Records Start Marker

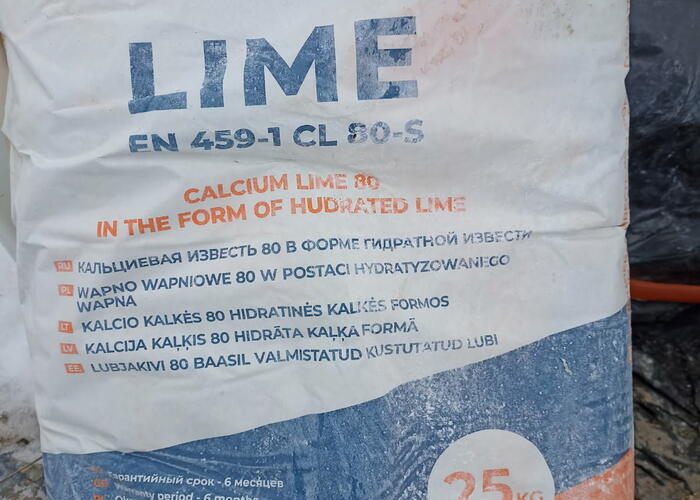 Grajewo ogłoszenia: Sprzedam wapno 800kg. Zostało po budowie. 
Za całość 1280zł.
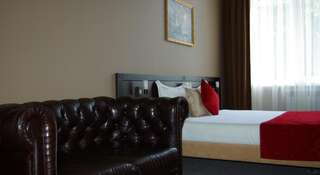 Гостиница Белая Акация Курск Улучшенный двухместный номер с 1 двуспальной кроватью и диваном-2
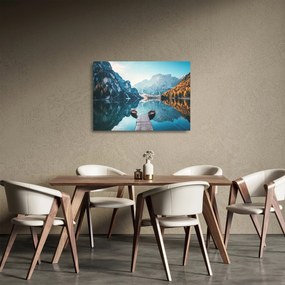 Obraz na szkle - Łodzie na jeziorze Braies (70x50 cm)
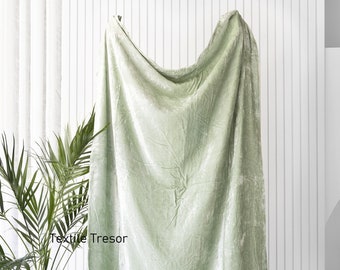 Sage Green Luxury Crushed Velvet Throw Blanket With Tassels Soft Velvet Boho Sofa Throw For Living Room UO Christmas Gift, Home Décor Throw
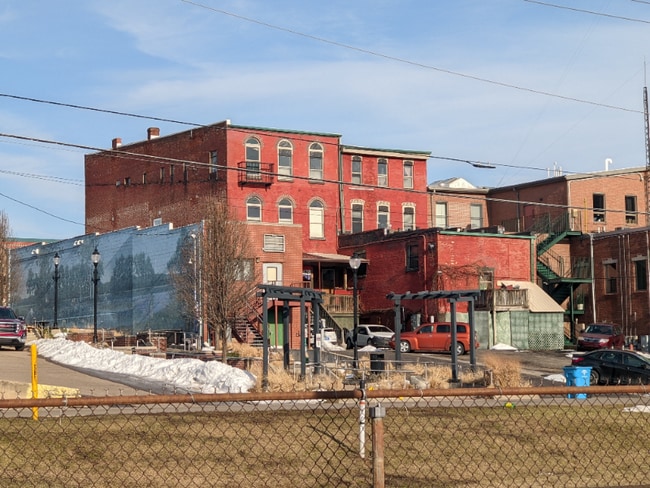 60 N Main St in Three Rivers, MI - Foto de edificio - Building Photo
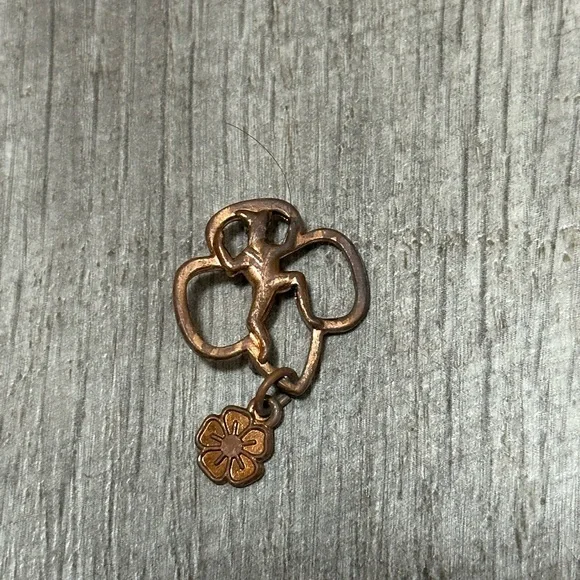 Lot Collection 5 Vintage Girl Scouts & Brownie Lapel pins uniform achievement - Picture 3 of 6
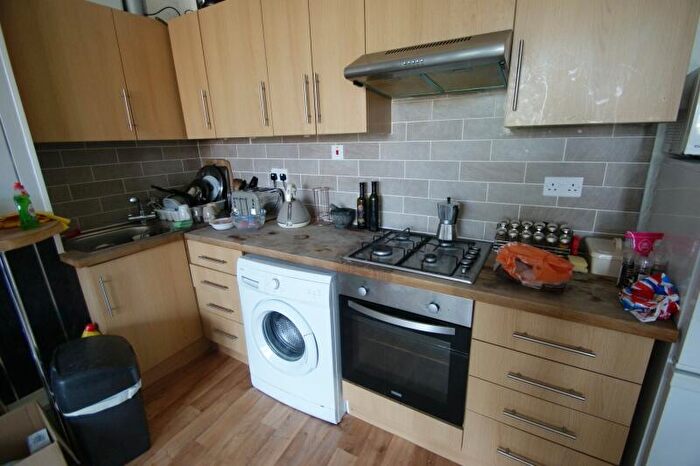 3 Bedroom Flat To Rent In Otley Road, Headingley, Leeds, LS16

Records End Marker

# What to work on:
Would you please write out the entries in full, exactly as they read, but without pictures?

# Response below:
 Grajewo ogłoszenia: Sprzedam wapno 800kg. Zostało po budowie. 
Za całość 1280zł.
 Гостиница Белая Акация Курск Улучшенный двухместный номер с 1 двуспальной кроватью и диваном-2
 Obraz na szkle - Łodzie na jeziorze Braies (70x50 cm)
 Sage Green Luxury Crushed Velvet Throw Blanket With Tassels Soft Velvet Boho Sofa Throw For Living Room UO Christmas Gift, Home Décor Throw
 60 N Main St in Three Rivers, MI - Foto de edificio - Building Photo
 Lot Collection 5 Vintage Girl Scouts & Brownie Lapel pins uniform achievement - Picture 3 of 6
 3 Bedroom Flat To Rent In Otley Road, Headingley, Leeds, LS16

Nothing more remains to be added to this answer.